Egypt is cheap is you dont want a five star life, local fruit and veg is cheap but chicken and meat is on a par with the UK price wise, bear in mind all the special offers we get on chicken etc in the big supermarkets, any imported goods are expensive.
Sliced bread is very expensive but local flat bread is very good and pennies
Soap powder is about the same as the UK but shampoo and toothpase are cheap 
Local transport is cheap.
Yes you should be able to live comfortably on that salary but you wont live like lords, Egypt is cheap if you want to live and eat like a local.


----------



## Beatle

andybickerton said:


> Hi all,
> My wife and I are looking to move to Al Rehab City in Cairo. I am going to be working as a primary school teacher. My average monthly salary will be 1500 pounds sterling, my accomadation and basic utilities will be provided. My wife does not have a job currently and we are wanting to know if we can survive realistically on this salary between the two of us in Egypt.
> Does anyone have any answers. Is it cheap living in egypt?!
> 
> Please help!


The main issue will be whether you adopt a more Egyptian lifestyle or whether you want to live an expatriate lifestyle. If it's the former, I think your salary would be sufficient.
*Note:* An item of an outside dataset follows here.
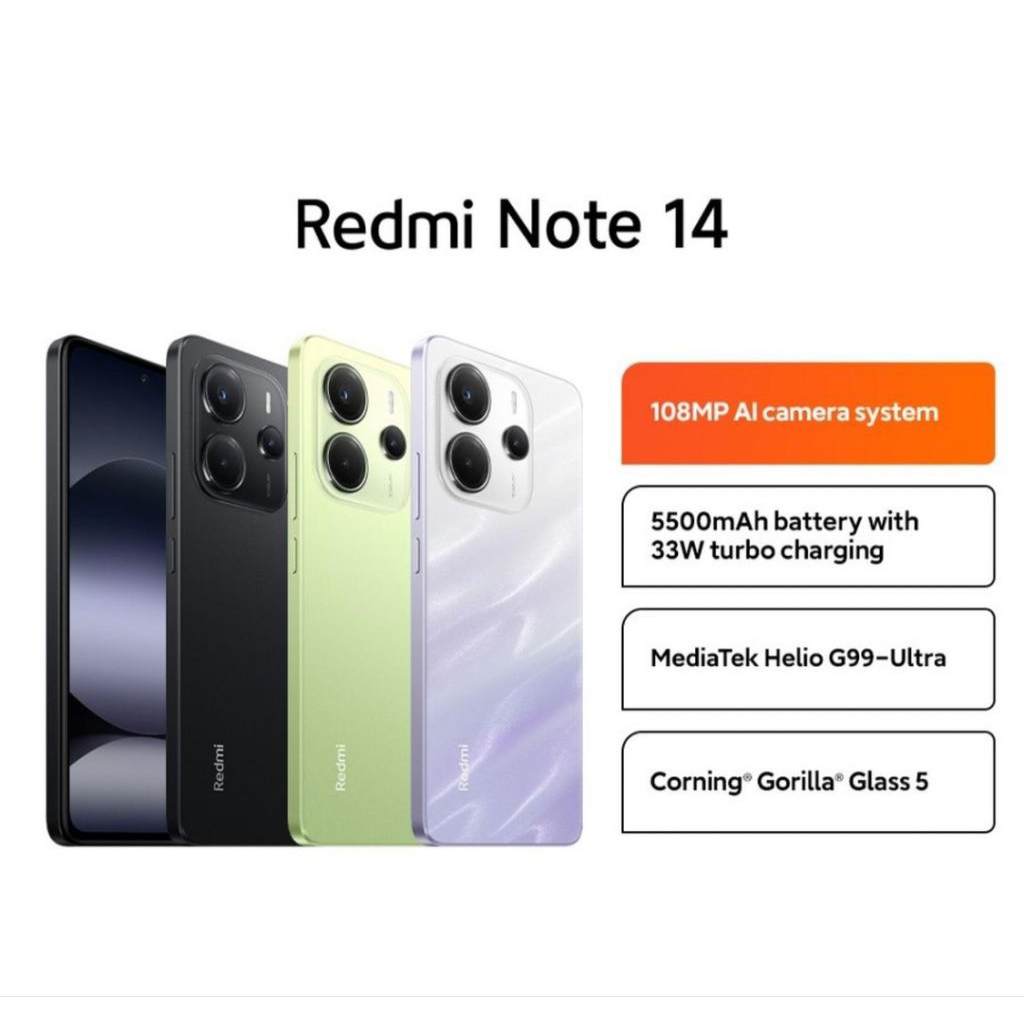 HP XIAOMI REDMI NOTE 14 8/128 GB - XIAOMI MI NOTE 14 RAM 8GB ROM 128 GARANSI RESMI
If it's the latter, you will find prices equivalent to the UK. Clothes from Western retailers, coffees in western cafes, eating in Western restaurants, gym membership is all roughly the same as in the UK. Shopping in the Western supermarkets like Metro can be expensive. Transport is cheap. I have Western friends who live in Egypt who live a no frills but comfortable existence on around £400 per month. I always need to factor in the cost of escaping from Cairo every now and again when the noise and pollution get to me!

Hope that helps.


----------



## willyyates

andybickerton said:


> Hi all,
> My wife and I are looking to move to Al Rehab City in Cairo. I am going to be working as a primary school teacher. My average monthly salary will be 1500 pounds sterling, my accomadation and basic utilities will be provided. My wife does not have a job currently and we are wanting to know if we can survive realistically on this salary between the two of us in Egypt.
> Does anyone have any answers. Is it cheap living in egypt?!
> 
> Please help!


Hello Andy,
My wife and moved to El Rehab about three months ago. So when I saw you were coming here, I really wanted to reply to see if I could help! But after opening the message I see where you have already gotten the response that I wanted to offer! 
Pretty much the same, it all depends on the lifestyle you want to live. About the only other thing I can think of is that if your wife wants to work I am sure she can get a job!! Our experience is that you should be able to live comfortable with your income.
El Rehab is nice. We took a Villa because we heard that the appartments where very noisy late at night. We are quite happy. I wish they did not open the doors to the public because it gets a bit busy at times!!
If you guys would like to meet up after your arrival at the food court, give me a holler at this site.

William


----------



## Vicci

*Cost of living in Egypt*

Hi, I am also moving to AL Rehab in Cairo, as a teacher, same salary as you and prob same school? Are you moving in August? 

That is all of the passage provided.